Converged mobile devices that combine voice and data functionality are emerging as the dominant force in the worldwide PDA market. IDC is predicting that growth in the PDA market will focus around voice-enabled devices, drawing sales away from traditional units.

Growth in the converged mobile market will be accelerated during 2003 as the introduction of a number of new Symbian OS-powered devices push worldwide shipments beyond 13 million units.

“As device aesthetics and functionality improve and end-user prices continue to decline, converged mobile devices are becoming increasingly accessible to the mainstream consumer and are expected to ship in greater numbers than traditional handheld devices for the first time in 2003,” says Kevin Burden, manager of IDC's Mobile Device research team.
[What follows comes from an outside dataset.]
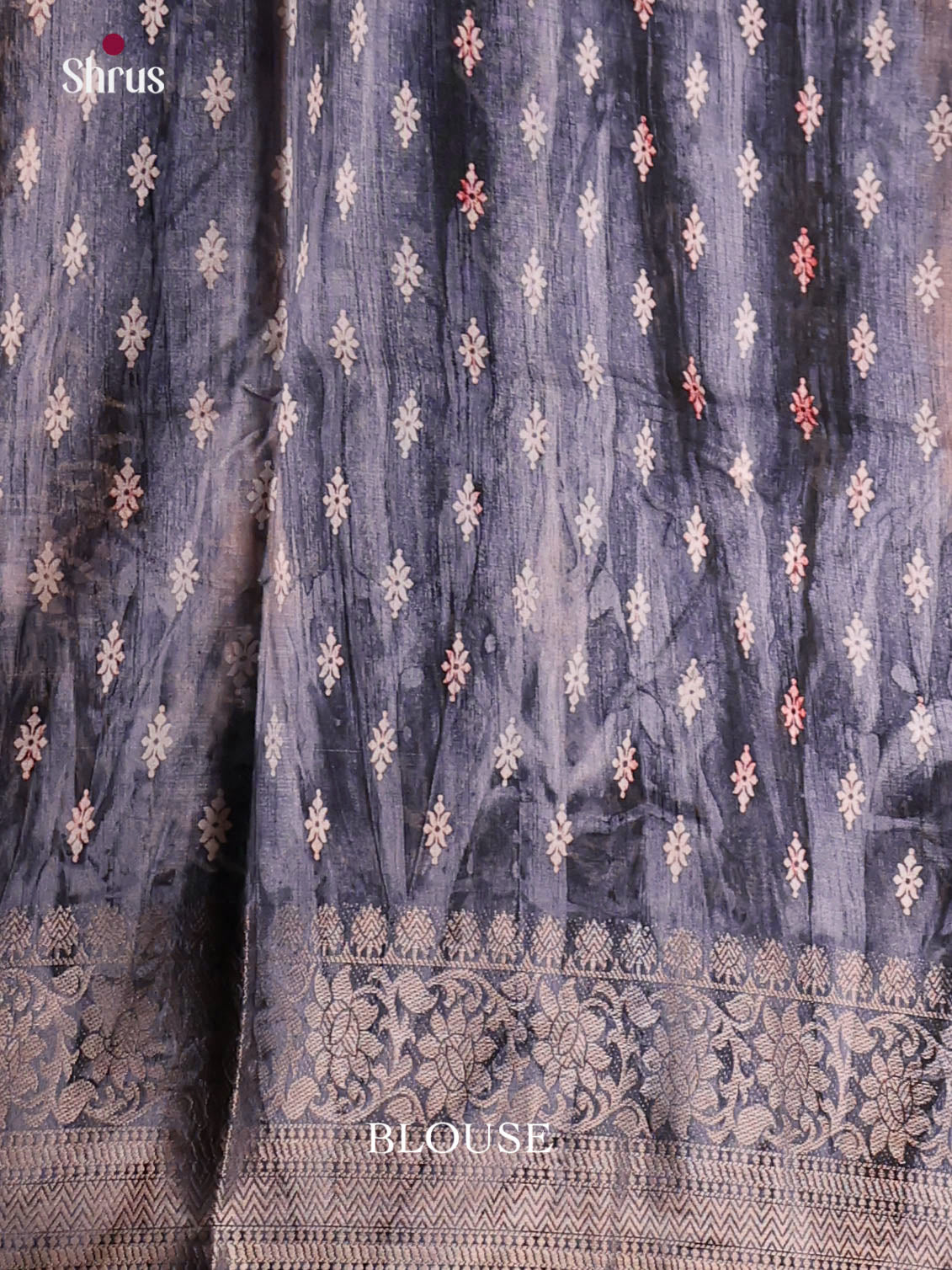 Grey & Blue - Semi Dola silk Saree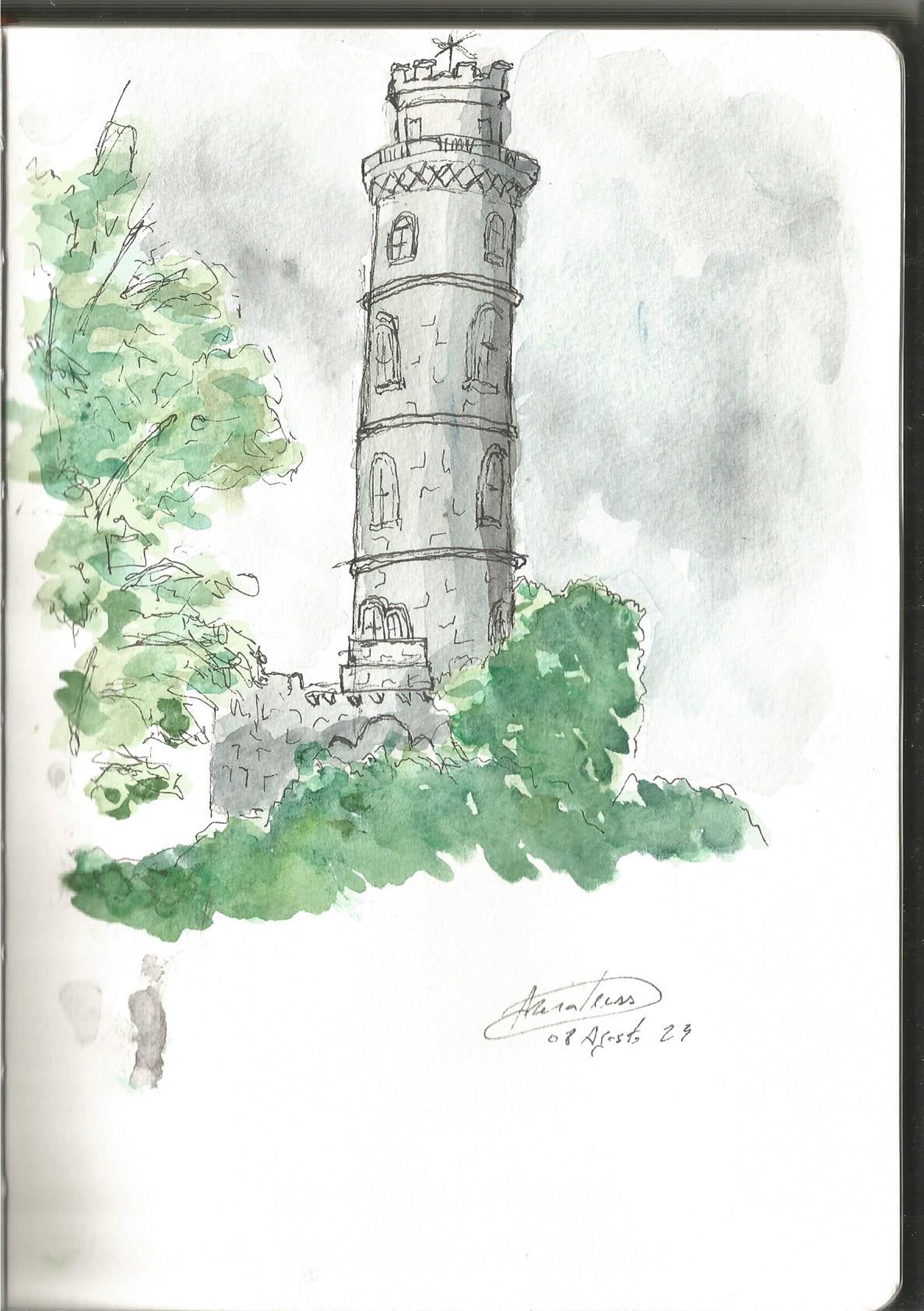 Ilustração de uma torre antiga cercada por vegetação, com detalhes em aquarela verde e cinza.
Overall, the worldwide handheld device industry will decline by 8.4% to 11.35 million units in 2003 — it’s second straight year of decline. Although limited growth is expected to return during 2004, dreams of a 20 million unit-a-year market will be replaced by a less than 15 million unit-a-year reality, where the likes of Dell, Handspring, HP, Palm and Research-in-Motion are focusing on converged mobile device production.

Market growth is expected to remain strong throughout 2007 as a growing percentage of mobile phones adopt high-end operating systems. A compound annual growth rate (CAGR) of nearly 86% is expected through the forecast period.

“The killer applications of mobile voice and text communication continue to drive converged mobile device sales upward. As vendor strategies mature, a greater number of voice-centric devices or ‘smartphones’ are reaching market with significant volume potential as primary-use mobile phones,” says Alex Slawsby, research analyst in IDC's Mobile Device research team.

“Demand for non-voice enabled handheld devices remains depressed as mixed economic conditions, competition from alternative devices, and limited world appeal impact market expansion,” he adds.